START Supplied records

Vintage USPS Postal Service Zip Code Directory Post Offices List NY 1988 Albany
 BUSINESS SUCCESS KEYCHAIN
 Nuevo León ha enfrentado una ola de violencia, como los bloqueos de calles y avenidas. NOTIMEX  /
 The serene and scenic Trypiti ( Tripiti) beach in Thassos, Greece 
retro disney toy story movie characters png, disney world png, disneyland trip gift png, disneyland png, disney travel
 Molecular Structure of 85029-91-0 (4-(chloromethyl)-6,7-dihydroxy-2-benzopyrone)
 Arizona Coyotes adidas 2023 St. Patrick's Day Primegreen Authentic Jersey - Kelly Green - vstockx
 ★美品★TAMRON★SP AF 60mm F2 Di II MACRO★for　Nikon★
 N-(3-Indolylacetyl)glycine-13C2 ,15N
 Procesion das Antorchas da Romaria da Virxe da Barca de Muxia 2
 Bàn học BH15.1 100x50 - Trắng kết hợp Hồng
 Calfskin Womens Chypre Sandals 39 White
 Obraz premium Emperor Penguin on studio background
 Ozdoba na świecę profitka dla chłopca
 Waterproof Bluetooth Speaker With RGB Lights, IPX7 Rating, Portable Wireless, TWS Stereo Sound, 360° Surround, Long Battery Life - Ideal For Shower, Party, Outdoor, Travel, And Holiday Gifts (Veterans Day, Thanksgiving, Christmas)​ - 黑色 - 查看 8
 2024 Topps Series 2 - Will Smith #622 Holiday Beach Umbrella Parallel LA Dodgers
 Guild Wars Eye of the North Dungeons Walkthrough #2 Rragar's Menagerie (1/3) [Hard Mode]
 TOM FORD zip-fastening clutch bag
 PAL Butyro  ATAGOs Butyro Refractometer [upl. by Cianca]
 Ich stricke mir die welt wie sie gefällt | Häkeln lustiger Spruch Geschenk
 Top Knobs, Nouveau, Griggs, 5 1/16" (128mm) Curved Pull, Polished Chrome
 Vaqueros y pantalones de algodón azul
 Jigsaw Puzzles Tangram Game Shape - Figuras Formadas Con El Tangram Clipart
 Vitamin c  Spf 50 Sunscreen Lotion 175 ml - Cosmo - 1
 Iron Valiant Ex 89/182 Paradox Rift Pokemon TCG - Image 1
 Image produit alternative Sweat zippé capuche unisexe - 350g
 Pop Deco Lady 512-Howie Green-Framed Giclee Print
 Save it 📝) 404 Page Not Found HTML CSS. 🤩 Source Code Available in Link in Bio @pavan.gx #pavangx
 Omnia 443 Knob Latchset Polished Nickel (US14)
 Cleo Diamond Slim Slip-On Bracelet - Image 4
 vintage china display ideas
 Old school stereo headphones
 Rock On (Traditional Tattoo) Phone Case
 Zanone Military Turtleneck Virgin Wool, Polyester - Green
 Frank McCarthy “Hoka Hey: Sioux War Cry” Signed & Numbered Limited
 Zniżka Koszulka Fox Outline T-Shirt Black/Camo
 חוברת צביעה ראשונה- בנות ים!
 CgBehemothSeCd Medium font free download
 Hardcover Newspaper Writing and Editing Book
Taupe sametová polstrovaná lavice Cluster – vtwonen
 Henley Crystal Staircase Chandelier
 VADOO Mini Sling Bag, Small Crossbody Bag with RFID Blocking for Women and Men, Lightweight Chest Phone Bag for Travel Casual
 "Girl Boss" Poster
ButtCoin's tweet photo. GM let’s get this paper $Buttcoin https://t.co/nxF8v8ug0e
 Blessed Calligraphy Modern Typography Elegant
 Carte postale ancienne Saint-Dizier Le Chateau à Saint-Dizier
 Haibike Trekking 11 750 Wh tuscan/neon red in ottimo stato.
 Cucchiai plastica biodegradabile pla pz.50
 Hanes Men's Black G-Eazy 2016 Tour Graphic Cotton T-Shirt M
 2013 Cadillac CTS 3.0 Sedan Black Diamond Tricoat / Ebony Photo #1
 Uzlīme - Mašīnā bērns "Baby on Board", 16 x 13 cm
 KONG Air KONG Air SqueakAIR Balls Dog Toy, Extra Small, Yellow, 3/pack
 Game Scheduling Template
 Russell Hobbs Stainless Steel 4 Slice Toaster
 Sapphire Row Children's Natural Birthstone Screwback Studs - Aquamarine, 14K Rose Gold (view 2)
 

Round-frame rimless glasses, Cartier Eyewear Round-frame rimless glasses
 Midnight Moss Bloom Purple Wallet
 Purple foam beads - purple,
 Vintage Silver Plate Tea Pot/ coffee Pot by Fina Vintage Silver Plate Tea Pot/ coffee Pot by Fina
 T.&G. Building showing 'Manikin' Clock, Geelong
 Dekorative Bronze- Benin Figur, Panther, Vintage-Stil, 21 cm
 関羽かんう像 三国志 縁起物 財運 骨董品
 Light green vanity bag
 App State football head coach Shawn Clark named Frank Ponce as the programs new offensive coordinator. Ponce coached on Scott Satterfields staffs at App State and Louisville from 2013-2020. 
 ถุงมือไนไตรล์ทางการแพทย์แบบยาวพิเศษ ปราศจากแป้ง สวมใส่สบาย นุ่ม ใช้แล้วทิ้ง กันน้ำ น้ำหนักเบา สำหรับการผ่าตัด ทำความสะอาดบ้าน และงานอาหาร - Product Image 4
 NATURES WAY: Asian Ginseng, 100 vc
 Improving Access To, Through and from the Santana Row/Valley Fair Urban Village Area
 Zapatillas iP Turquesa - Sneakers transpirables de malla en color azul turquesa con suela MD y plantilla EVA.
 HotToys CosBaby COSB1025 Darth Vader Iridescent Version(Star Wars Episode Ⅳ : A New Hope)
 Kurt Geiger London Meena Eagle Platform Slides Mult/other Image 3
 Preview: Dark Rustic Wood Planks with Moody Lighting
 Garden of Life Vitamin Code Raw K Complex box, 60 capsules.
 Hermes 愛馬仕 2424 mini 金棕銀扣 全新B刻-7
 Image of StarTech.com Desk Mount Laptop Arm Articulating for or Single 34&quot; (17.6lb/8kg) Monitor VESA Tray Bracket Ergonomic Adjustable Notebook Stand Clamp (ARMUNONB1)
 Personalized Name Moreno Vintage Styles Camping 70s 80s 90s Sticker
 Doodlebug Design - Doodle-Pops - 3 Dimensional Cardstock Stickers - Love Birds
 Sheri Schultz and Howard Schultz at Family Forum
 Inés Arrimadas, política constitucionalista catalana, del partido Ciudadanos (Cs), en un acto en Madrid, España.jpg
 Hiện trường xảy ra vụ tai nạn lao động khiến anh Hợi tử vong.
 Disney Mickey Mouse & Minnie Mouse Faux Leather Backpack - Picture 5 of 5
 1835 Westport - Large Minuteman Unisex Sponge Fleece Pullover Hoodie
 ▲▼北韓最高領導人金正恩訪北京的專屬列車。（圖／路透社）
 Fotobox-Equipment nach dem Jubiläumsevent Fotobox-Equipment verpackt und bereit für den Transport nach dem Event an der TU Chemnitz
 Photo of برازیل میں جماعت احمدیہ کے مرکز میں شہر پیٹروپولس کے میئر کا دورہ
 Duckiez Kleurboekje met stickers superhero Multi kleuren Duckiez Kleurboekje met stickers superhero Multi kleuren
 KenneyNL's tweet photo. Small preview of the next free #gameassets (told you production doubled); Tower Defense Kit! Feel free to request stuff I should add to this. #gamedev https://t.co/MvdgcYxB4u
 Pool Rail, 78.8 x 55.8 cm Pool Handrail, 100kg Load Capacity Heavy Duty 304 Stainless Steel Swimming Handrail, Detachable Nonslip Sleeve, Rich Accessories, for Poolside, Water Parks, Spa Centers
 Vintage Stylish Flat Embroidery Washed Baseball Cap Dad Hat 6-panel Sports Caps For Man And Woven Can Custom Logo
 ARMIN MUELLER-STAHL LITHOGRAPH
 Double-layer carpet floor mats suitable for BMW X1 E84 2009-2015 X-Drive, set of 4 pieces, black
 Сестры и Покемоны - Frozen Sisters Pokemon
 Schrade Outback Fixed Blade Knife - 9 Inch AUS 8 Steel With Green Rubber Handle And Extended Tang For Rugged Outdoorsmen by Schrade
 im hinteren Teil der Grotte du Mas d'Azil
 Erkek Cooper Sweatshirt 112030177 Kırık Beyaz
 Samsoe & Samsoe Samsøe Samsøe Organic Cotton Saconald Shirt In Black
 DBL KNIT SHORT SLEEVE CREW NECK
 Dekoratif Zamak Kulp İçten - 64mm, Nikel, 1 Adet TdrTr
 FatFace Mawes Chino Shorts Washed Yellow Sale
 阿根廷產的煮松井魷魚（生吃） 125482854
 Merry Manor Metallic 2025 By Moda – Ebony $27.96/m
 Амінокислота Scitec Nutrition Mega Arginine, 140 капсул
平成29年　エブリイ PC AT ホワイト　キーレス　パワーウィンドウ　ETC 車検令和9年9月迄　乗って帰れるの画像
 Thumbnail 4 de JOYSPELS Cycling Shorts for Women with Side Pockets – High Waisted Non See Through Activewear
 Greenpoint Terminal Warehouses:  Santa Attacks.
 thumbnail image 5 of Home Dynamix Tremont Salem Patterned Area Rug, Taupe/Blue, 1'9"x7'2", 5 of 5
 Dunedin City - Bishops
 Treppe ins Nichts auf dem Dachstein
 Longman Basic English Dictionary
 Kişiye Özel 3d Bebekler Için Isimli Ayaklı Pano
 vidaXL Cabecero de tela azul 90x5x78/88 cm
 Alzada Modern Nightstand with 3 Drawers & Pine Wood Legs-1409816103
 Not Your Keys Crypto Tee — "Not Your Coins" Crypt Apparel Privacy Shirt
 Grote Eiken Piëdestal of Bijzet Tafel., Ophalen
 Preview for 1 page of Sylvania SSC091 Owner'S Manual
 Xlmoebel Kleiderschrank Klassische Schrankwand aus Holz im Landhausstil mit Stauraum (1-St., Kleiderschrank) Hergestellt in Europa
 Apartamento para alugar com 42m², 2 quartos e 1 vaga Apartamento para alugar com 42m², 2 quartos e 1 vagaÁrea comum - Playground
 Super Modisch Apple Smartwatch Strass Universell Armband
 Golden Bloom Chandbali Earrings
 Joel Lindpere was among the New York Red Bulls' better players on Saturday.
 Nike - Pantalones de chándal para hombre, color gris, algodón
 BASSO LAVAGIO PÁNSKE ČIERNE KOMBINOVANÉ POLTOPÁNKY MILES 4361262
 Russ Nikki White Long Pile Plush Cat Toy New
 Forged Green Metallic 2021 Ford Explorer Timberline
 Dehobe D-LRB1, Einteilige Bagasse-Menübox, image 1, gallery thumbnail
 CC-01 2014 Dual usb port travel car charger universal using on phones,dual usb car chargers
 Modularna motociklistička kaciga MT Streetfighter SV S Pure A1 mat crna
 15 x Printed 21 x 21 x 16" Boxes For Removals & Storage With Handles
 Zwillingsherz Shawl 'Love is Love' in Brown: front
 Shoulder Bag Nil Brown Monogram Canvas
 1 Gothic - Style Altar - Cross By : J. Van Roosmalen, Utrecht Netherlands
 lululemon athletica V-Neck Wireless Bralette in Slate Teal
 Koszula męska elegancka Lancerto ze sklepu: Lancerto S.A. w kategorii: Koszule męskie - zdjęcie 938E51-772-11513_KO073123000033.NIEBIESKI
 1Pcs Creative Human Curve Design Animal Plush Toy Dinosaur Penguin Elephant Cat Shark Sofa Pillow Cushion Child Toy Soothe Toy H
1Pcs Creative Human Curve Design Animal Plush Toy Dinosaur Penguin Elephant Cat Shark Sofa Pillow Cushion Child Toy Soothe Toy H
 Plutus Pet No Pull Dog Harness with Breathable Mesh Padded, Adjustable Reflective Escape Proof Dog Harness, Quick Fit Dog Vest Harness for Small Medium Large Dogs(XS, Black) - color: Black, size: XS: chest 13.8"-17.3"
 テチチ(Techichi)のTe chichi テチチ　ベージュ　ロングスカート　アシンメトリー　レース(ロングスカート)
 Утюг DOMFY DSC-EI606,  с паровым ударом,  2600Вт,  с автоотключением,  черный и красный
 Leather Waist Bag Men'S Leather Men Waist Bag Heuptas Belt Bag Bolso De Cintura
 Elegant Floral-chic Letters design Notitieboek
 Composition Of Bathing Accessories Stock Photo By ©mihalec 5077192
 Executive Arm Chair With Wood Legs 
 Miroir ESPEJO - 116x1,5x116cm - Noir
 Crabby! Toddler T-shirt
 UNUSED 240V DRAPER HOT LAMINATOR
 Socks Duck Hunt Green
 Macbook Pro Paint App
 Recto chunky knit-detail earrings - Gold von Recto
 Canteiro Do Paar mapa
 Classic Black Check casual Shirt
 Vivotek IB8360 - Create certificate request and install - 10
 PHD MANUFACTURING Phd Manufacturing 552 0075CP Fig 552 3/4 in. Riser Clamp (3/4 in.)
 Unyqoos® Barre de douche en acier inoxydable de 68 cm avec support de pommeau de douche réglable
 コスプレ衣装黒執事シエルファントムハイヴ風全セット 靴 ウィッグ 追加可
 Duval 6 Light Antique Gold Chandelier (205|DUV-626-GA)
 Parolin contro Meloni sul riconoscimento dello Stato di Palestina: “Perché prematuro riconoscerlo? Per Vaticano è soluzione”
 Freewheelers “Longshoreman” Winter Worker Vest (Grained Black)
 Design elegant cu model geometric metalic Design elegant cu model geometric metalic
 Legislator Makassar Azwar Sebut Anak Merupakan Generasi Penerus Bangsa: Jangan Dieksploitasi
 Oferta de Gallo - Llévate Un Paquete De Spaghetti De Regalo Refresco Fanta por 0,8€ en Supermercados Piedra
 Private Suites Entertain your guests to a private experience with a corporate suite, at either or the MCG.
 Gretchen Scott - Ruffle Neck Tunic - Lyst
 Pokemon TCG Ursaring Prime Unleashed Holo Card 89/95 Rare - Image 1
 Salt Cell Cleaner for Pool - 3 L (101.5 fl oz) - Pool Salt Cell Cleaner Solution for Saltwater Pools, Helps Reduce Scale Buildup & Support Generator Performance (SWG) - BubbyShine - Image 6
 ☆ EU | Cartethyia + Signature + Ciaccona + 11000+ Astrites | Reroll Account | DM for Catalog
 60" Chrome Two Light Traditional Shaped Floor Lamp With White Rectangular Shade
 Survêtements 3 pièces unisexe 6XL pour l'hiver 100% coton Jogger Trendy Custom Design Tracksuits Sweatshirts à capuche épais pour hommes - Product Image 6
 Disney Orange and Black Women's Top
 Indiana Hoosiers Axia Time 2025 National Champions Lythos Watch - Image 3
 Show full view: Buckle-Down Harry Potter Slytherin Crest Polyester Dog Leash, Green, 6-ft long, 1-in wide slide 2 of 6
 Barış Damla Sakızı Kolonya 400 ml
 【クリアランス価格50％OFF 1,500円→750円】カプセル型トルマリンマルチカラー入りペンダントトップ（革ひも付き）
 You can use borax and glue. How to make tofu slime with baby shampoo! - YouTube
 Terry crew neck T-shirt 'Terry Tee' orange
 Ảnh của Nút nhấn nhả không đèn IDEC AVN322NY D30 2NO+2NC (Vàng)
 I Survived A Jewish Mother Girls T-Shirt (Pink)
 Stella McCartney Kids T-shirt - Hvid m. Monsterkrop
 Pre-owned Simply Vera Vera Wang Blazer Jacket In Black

END Supplied records

### Problem statement
Return only the lines between the one holding "Plutus Pet No" and the one holding "Canteiro Do Paar mapa", inclusive, exactly as they appear above.

### Reply
 Plutus Pet No Pull Dog Harness with Breathable Mesh Padded, Adjustable Reflective Escape Proof Dog Harness, Quick Fit Dog Vest Harness for Small Medium Large Dogs(XS, Black) - color: Black, size: XS: chest 13.8"-17.3"
 テチチ(Techichi)のTe chichi テチチ　ベージュ　ロングスカート　アシンメトリー　レース(ロングスカート)
 Утюг DOMFY DSC-EI606,  с паровым ударом,  2600Вт,  с автоотключением,  черный и красный
 Leather Waist Bag Men'S Leather Men Waist Bag Heuptas Belt Bag Bolso De Cintura
 Elegant Floral-chic Letters design Notitieboek
 Composition Of Bathing Accessories Stock Photo By ©mihalec 5077192
 Executive Arm Chair With Wood Legs 
 Miroir ESPEJO - 116x1,5x116cm - Noir
 Crabby! Toddler T-shirt
 UNUSED 240V DRAPER HOT LAMINATOR
 Socks Duck Hunt Green
 Macbook Pro Paint App
 Recto chunky knit-detail earrings - Gold von Recto
 Canteiro Do Paar mapa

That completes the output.